● **TASK MATERIAL**

⟨

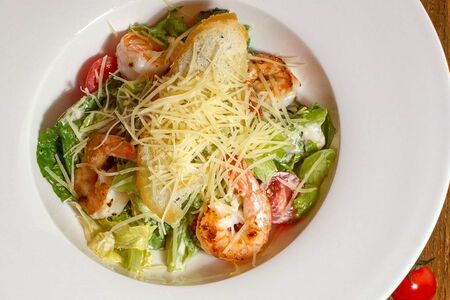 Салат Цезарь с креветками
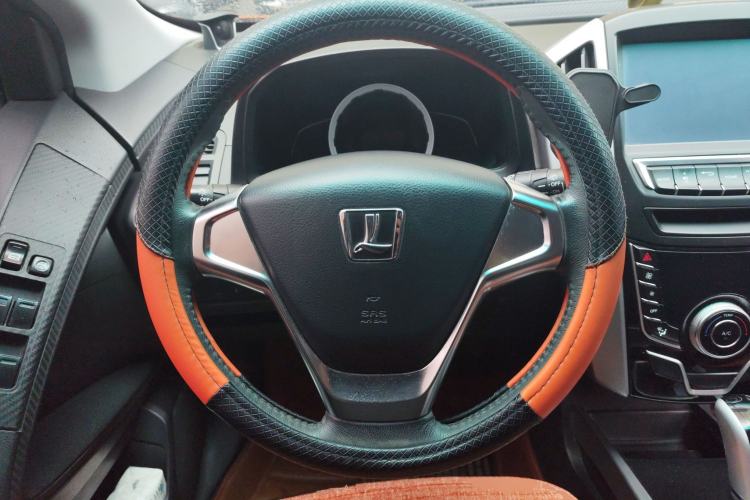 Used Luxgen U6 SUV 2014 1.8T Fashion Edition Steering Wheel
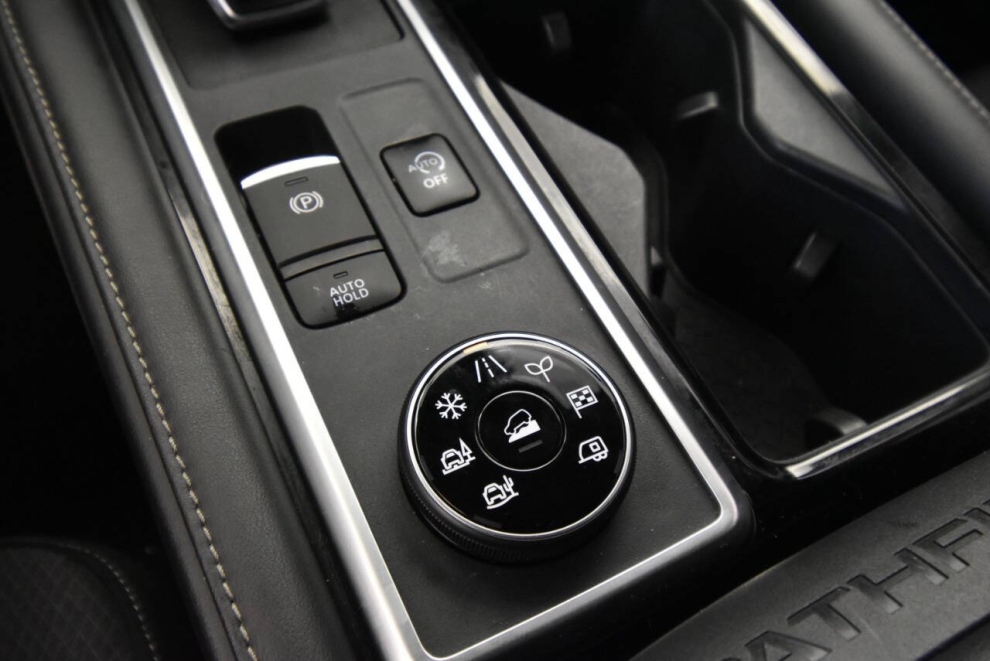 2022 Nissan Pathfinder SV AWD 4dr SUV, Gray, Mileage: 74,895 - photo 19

⟩
⟨

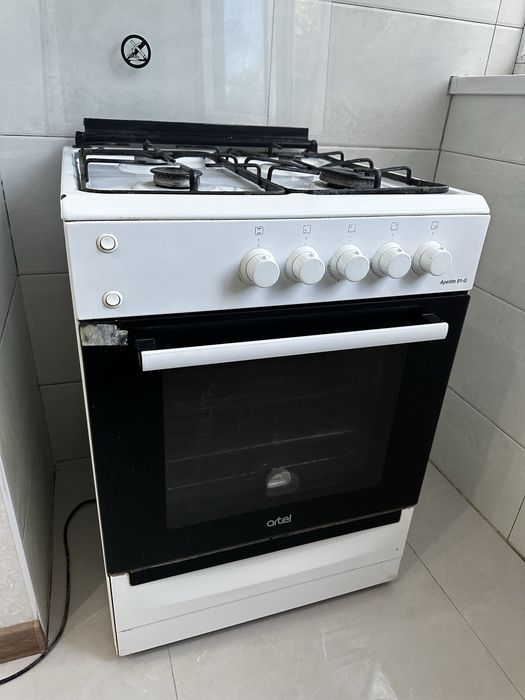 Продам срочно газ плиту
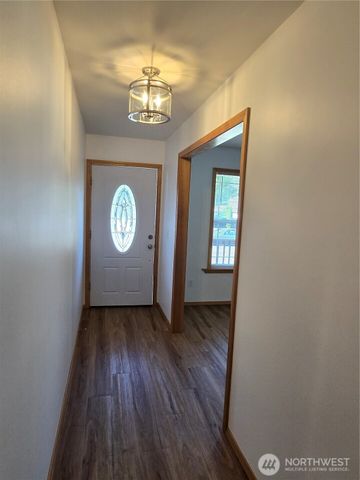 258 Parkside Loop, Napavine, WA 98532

⟩

● **WHAT TO PRODUCE**
From the data above, retype only the lines starting with the line with "Салат Цезарь с креветками" and going on through the line with "2022 Nissan Pathfinder", exactly, leaving out the pictures.

● **ANSWER AREA**
 Салат Цезарь с креветками
 Used Luxgen U6 SUV 2014 1.8T Fashion Edition Steering Wheel
 2022 Nissan Pathfinder SV AWD 4dr SUV, Gray, Mileage: 74,895 - photo 19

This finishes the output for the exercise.